What to do |
Using the listing below, retype exactly the lines starting at the one with "FLZOSPER Mini Combination" and ending at the one with "MomoArt DIY Embroidery", and include both.

Input |
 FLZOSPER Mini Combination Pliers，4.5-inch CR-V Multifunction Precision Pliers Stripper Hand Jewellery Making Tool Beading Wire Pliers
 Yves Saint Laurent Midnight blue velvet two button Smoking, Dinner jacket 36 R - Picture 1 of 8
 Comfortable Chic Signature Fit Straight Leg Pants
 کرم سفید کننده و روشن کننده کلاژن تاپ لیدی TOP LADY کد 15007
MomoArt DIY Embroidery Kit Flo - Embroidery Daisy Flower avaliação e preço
==
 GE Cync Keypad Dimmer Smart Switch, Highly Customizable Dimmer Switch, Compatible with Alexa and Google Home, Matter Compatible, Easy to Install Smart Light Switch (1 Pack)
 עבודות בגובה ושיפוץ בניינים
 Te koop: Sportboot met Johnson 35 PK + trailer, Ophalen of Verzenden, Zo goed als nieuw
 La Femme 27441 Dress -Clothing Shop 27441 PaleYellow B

Answer for this exercise |
 FLZOSPER Mini Combination Pliers，4.5-inch CR-V Multifunction Precision Pliers Stripper Hand Jewellery Making Tool Beading Wire Pliers
 Yves Saint Laurent Midnight blue velvet two button Smoking, Dinner jacket 36 R - Picture 1 of 8
 Comfortable Chic Signature Fit Straight Leg Pants
 کرم سفید کننده و روشن کننده کلاژن تاپ لیدی TOP LADY کد 15007
MomoArt DIY Embroidery Kit Flo - Embroidery Daisy Flower avaliação e preço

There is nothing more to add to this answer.